Begin at the line holding "Headboard with LED" and set down exactly each line through the last one below, omitting pictures. Include nothing else.

===== Records shown =====

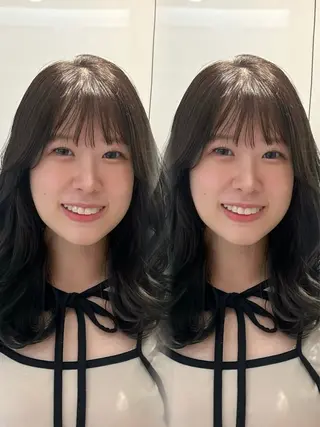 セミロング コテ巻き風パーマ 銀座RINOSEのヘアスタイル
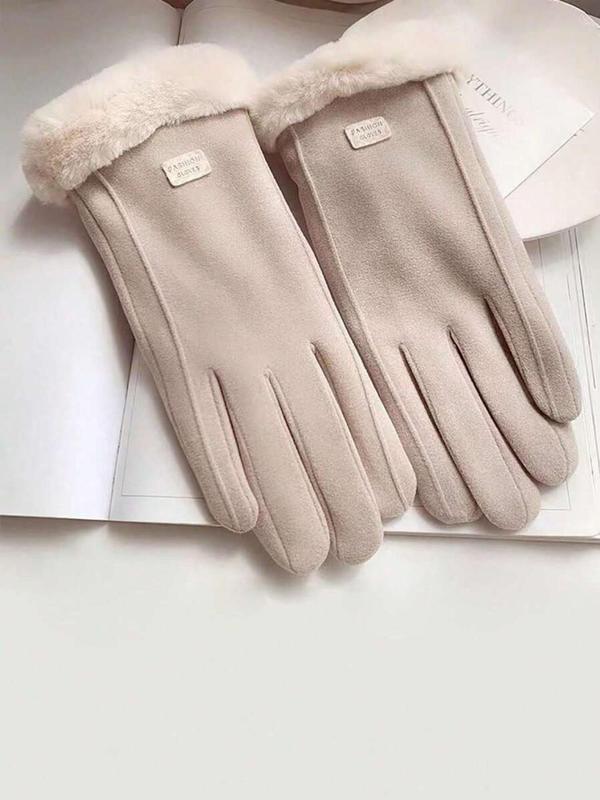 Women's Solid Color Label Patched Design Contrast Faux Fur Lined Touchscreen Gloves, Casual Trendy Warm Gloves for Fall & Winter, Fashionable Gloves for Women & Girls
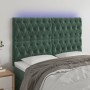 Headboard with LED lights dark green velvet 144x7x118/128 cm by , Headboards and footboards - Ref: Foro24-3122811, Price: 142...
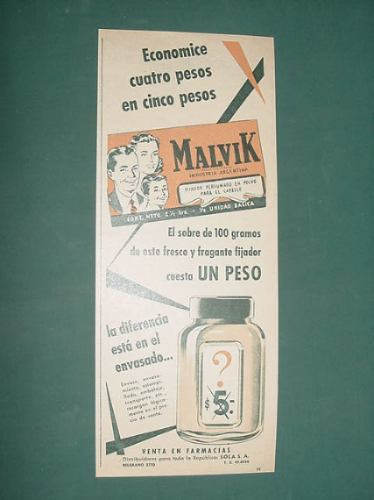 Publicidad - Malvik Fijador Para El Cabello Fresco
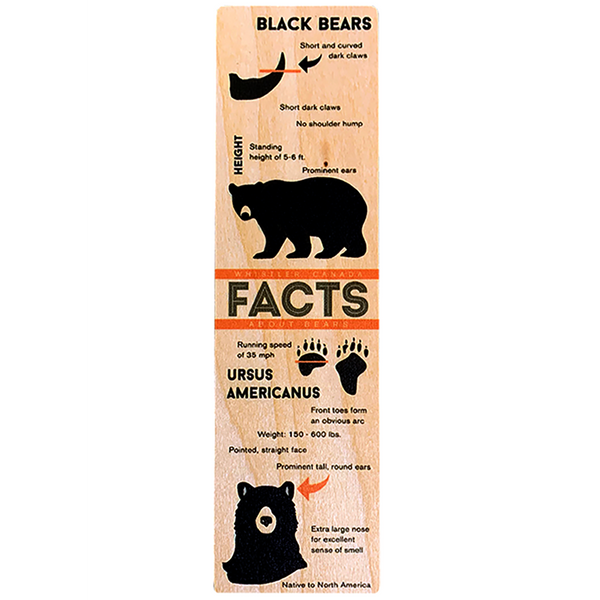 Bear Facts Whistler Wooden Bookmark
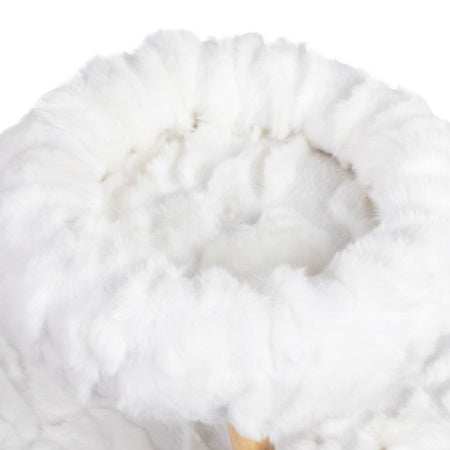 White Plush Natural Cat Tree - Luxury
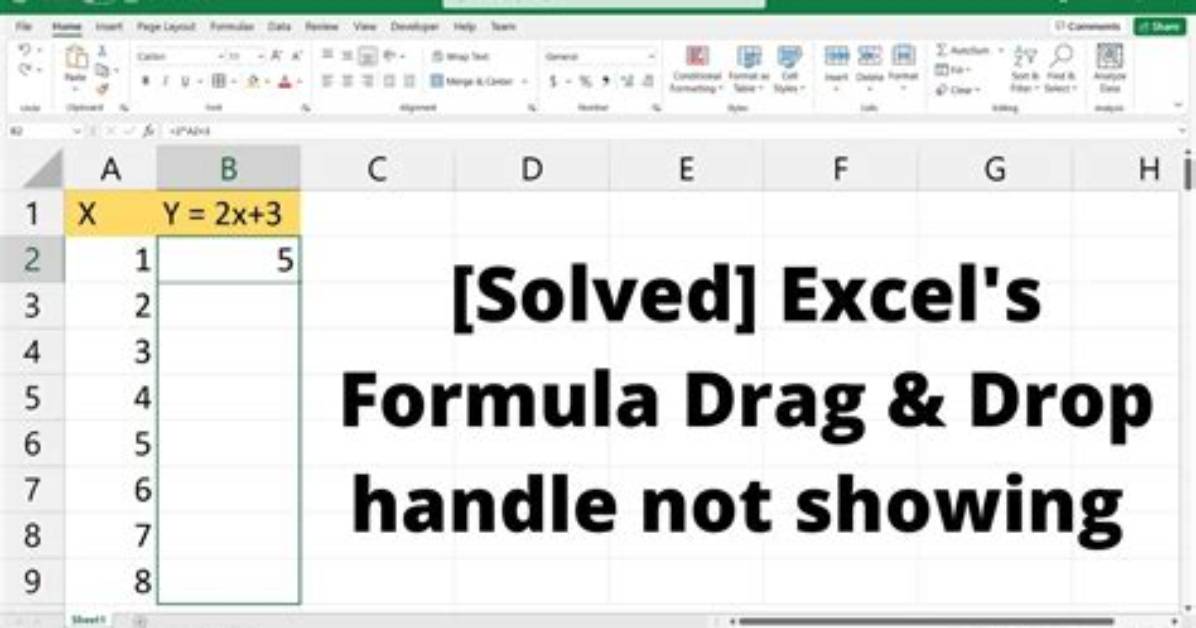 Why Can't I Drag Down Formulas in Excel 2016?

=====

§ **Exercise result**:
 Headboard with LED lights dark green velvet 144x7x118/128 cm by , Headboards and footboards - Ref: Foro24-3122811, Price: 142...
 Publicidad - Malvik Fijador Para El Cabello Fresco
 Bear Facts Whistler Wooden Bookmark
 White Plush Natural Cat Tree - Luxury
 Why Can't I Drag Down Formulas in Excel 2016?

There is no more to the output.